Do I want a SOHO firewall or NAT box?
A recent post on the firewall-wizards mail list asked whether a small office firewall offered more security than a NAT device.
The ensuing thread reveals a lot about how difficult it is to characterize small office security and access products into these simple categories.
One thing I'm very confident in stating is that:
All firewalls do NAT, but not all NAT devices do firewalling...
All the firewalls I've ever configured, small office or enterprise class, do at least one form of NAT - IP masquerading, a.k.a., dynamic NAT, which is more accuratley called Port Address Translation - where the only public IP address revealed to the outside world (Internet) is the firewall's public IP address. Most enterprise firewalls do static and 1:1 NAT (you can read more about all three here.

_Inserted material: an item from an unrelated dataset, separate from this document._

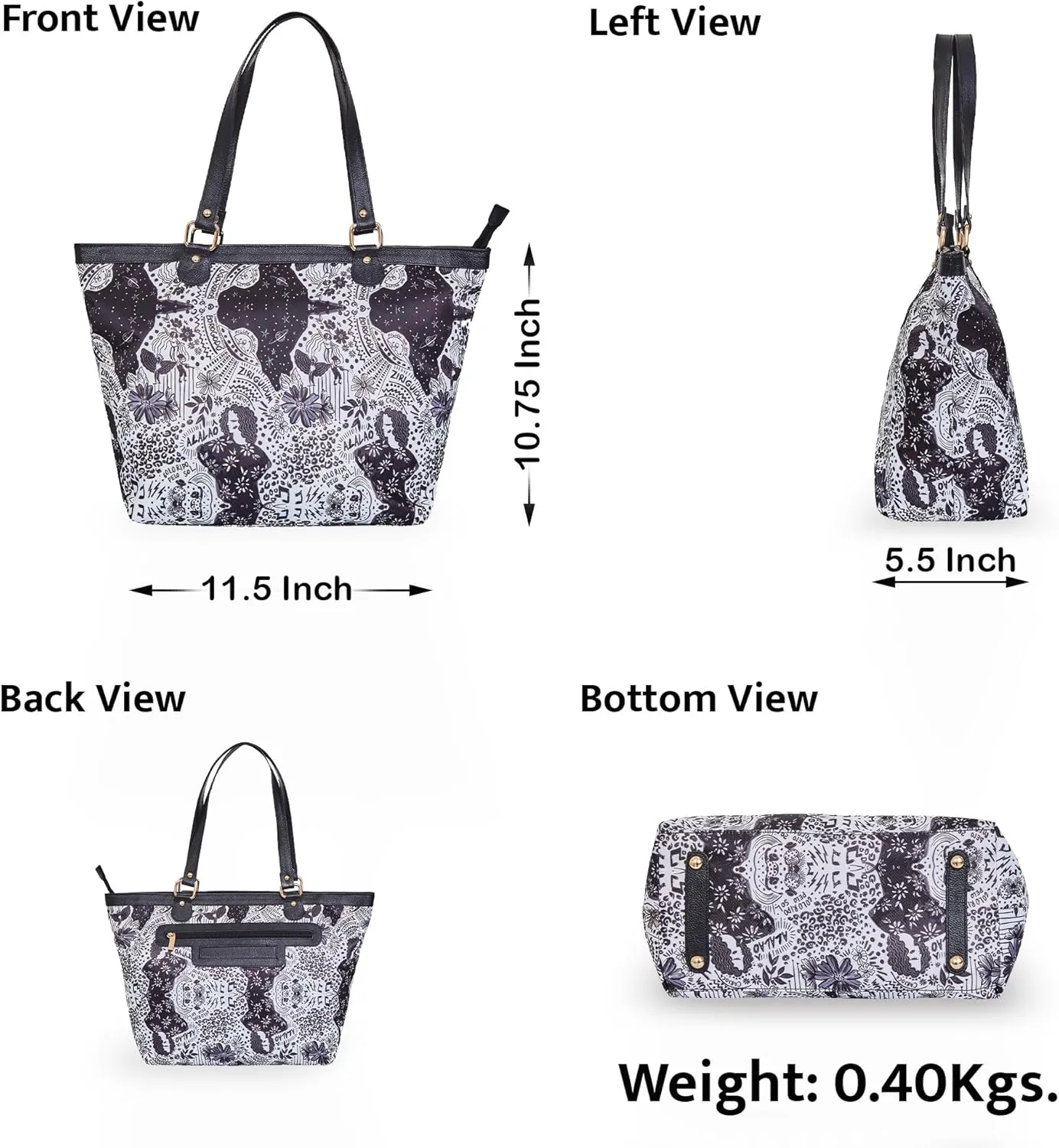 Leather Trim Printed Tote Bag for Women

Today, it's hard to classify devices as firewall appliances or NAT devices. A look at the history (such a short time span probably only deserves to be called a chronology of events) of SOHO access and security devices reveals why.
In the broadband access marketplace, access devices began as little more than xDSL and cable modems. Early broadband "consumer" users and service providers heavy into consumer markets were ignorant of the need and hence reluctant to buy small office firewalls; i.e., the kind that do (stateful) packet inspection, terminate manly VPNs, and block some set of well-known denial of service and broadly automated attacks. These were and remain 2x-5x the cost of NAT devices, and for good reason.

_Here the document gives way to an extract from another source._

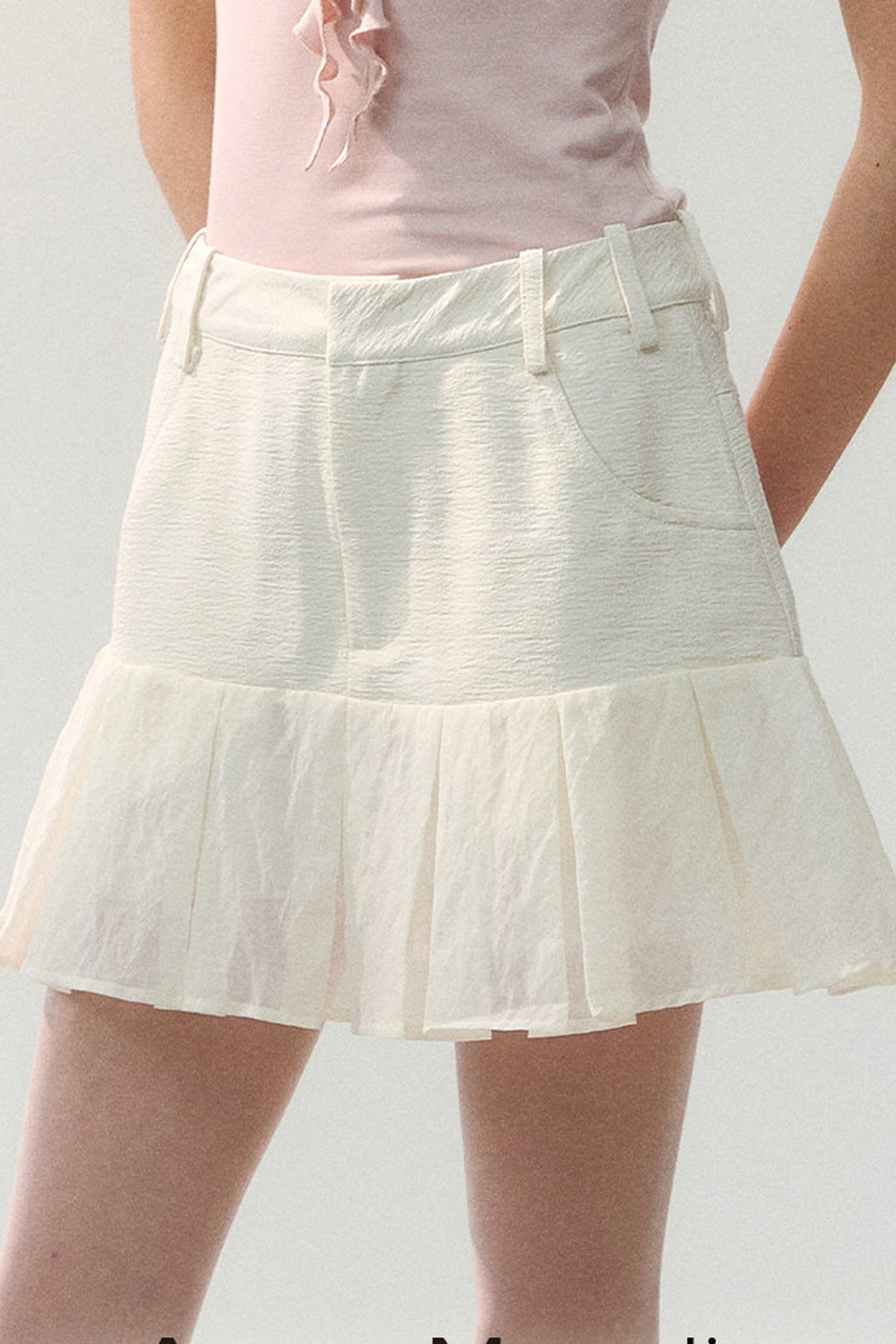 Textured Mesh Layered Mini Skirt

Consumers did know they wanted to share broadband access across home and small office networks, and service providers (even the bad ones) realized they didn't have enough IP addresses to hand out like after-dinner mints, so NAT was quickly incorporated into modems to make everyone happy. The result was an access modem that does address and port remapping, elementary (two-port) routing or bridging, and service/authentication using some PPP variant (e.g., PPPoE).
If a NAT Device filters traffic, is it a firewall?

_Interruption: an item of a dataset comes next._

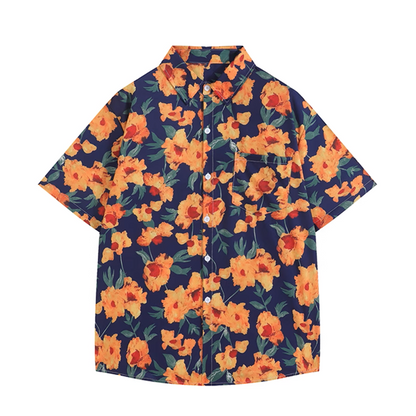 ヴィンテージ風花柄シャツ《Z00911》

Some vendors added DHCP, a piddly set of security features (simple default inbound and coarsely adjustable outbound filters) and even a VPN - whatever they could squeeze into a commodity-priced product - and everyone began calling these devices SOHO firewalls.
Most "began as NAT" devices fail at least one basic litmus test: the NAT/firewall software doesn't undergo the kind of software audit, testing, and scrutiny firewall vendors are accustomed to imposing (inflicting) on their appliances.
Add any feature set you want. Claim a box is a firewall. Until you've scrubbed the code and subjected the device to accepted, common firewall evaluation criteria and it proves its mettle, it's a NAT box.